-- Records to process --
- - - -
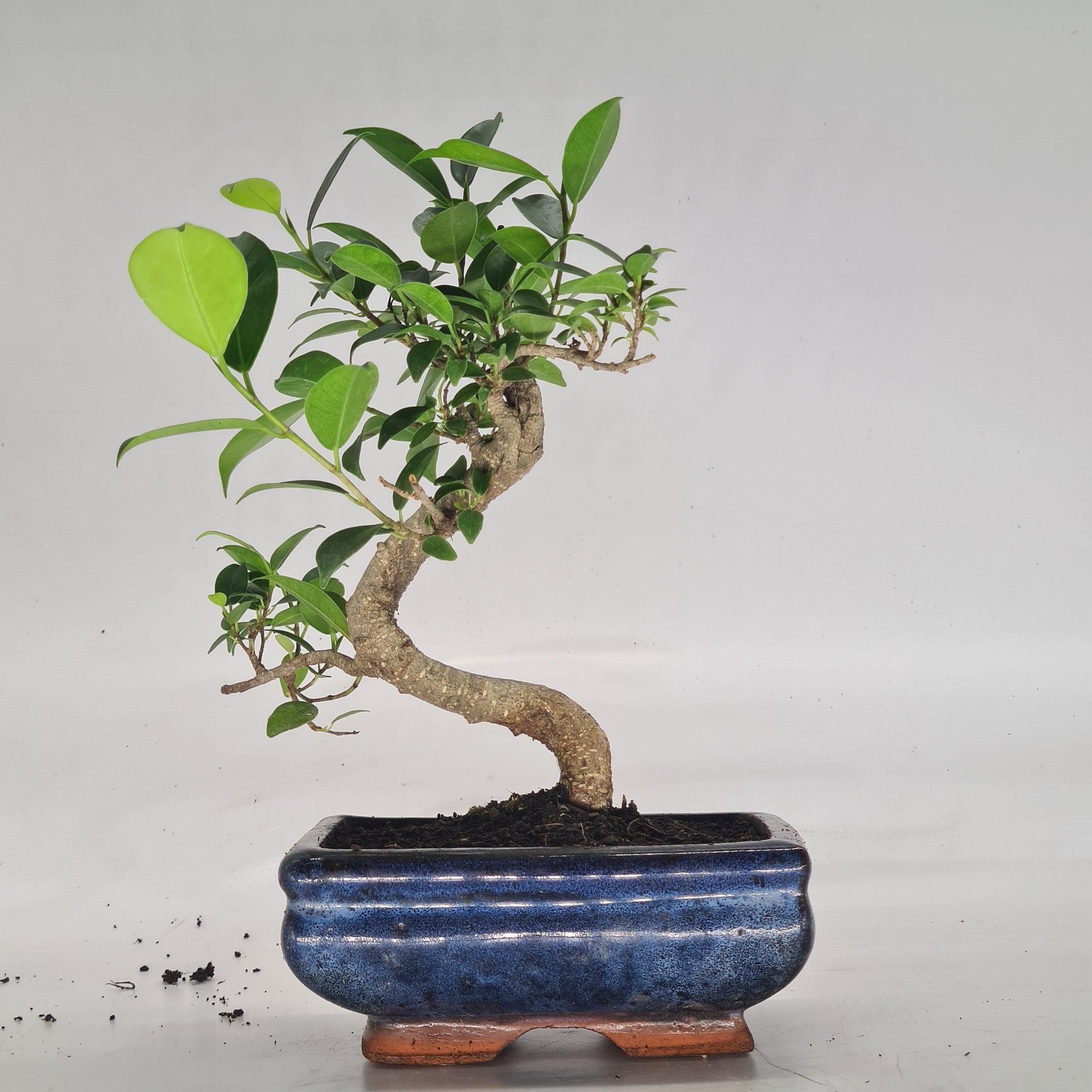 Ficus Microcarpa (Banyan Fig) Indoor Bonsai Tree | Shaped | In 15cm Pot  S25884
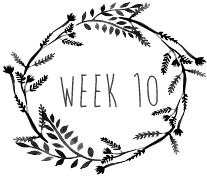 week10.png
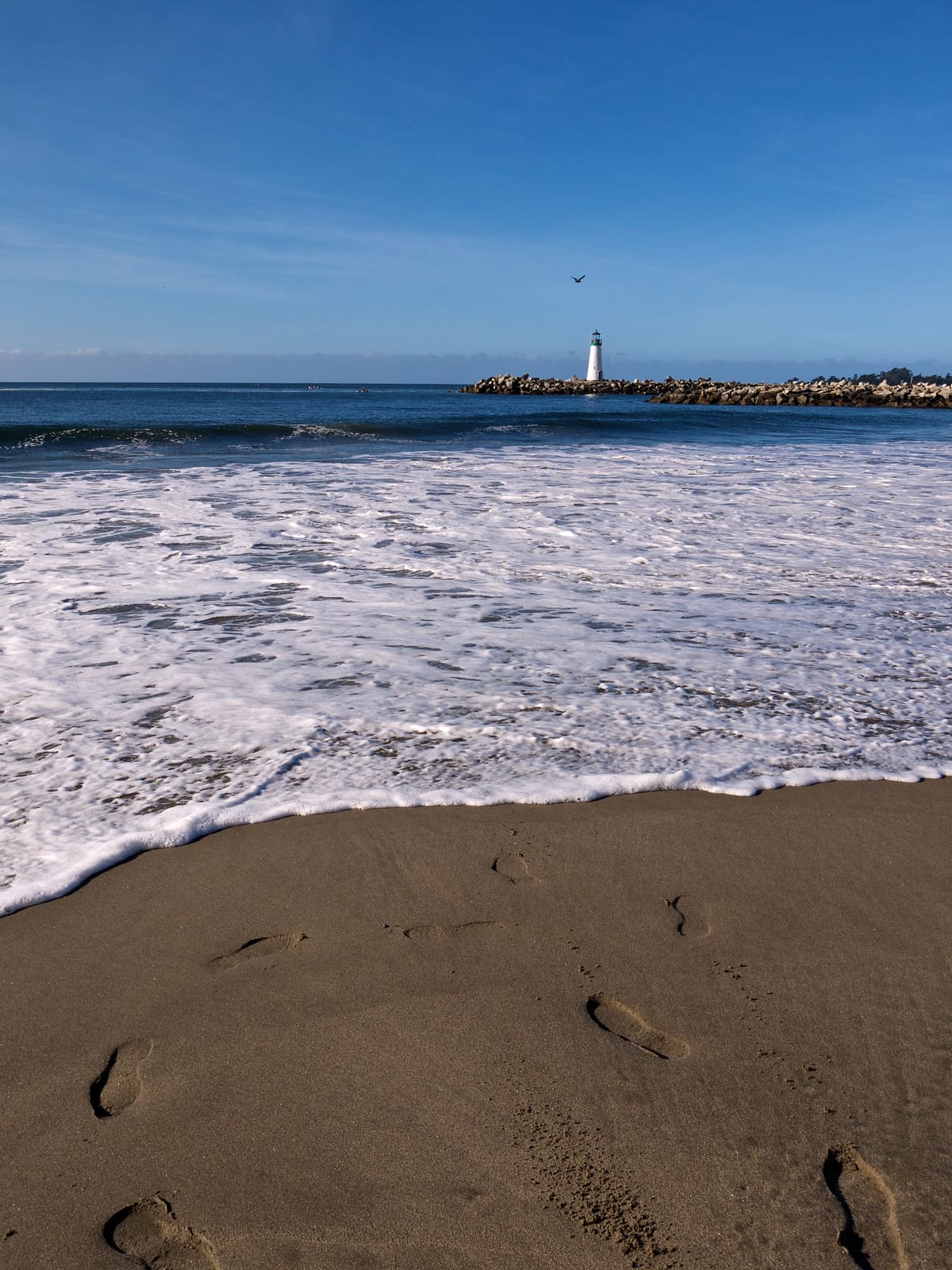 Sunny Cove - Photo 1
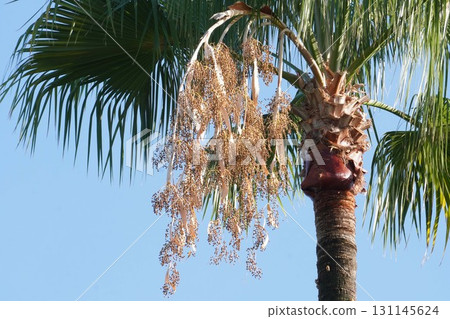 Washington Palm, September 2025 Washington Palm, September 2025 131145624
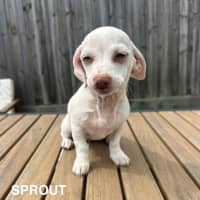 Photo of The Chihuahua Puppies!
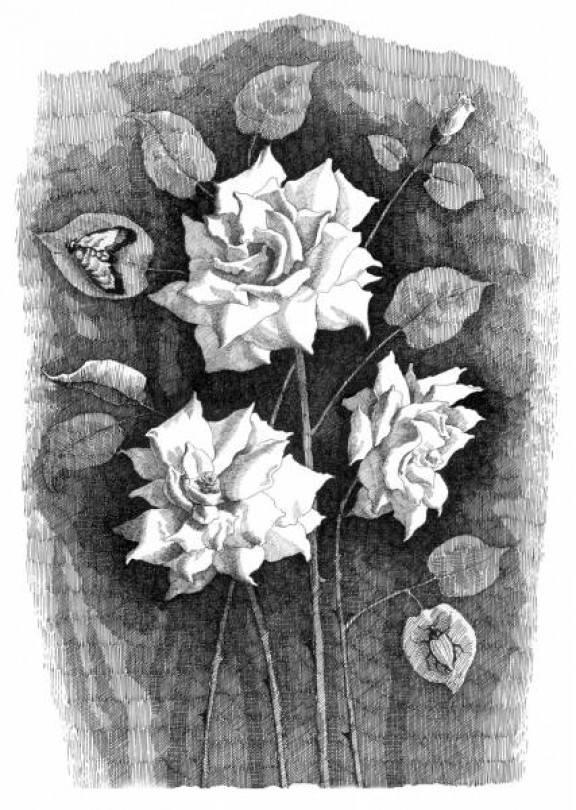 Grafica ed ex libris. Alla Biennale 92 artisti incisori di 27 nazioni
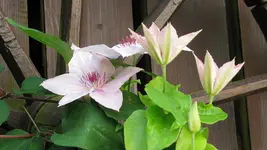 004 (2).webp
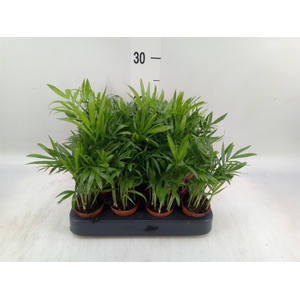 Chamaedorea elegans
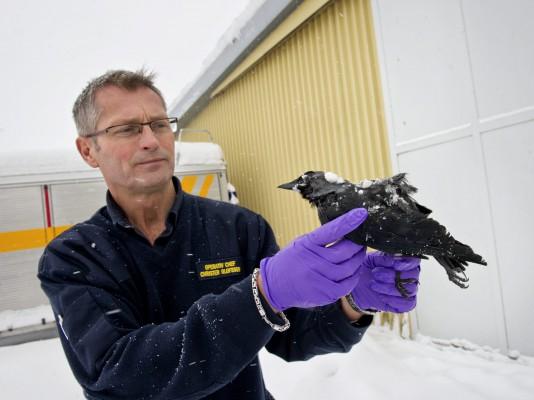 Räddningstjänstens Christer Olofsson håller upp en död fågel i Falköping där man natten till torsdag hittade omkring ett hundra döda kajor. (Foto: Björn Larsson Rosvall/AFP/Scanpix)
- - - -
-- What is expected --
From the first line to the last, copy the listing above exactly, dropping all images.

-- Result for this task --
 Ficus Microcarpa (Banyan Fig) Indoor Bonsai Tree | Shaped | In 15cm Pot  S25884
 week10.png
 Sunny Cove - Photo 1
 Washington Palm, September 2025 Washington Palm, September 2025 131145624
 Photo of The Chihuahua Puppies!
 Grafica ed ex libris. Alla Biennale 92 artisti incisori di 27 nazioni
 004 (2).webp
 Chamaedorea elegans
 Räddningstjänstens Christer Olofsson håller upp en död fågel i Falköping där man natten till torsdag hittade omkring ett hundra döda kajor. (Foto: Björn Larsson Rosvall/AFP/Scanpix)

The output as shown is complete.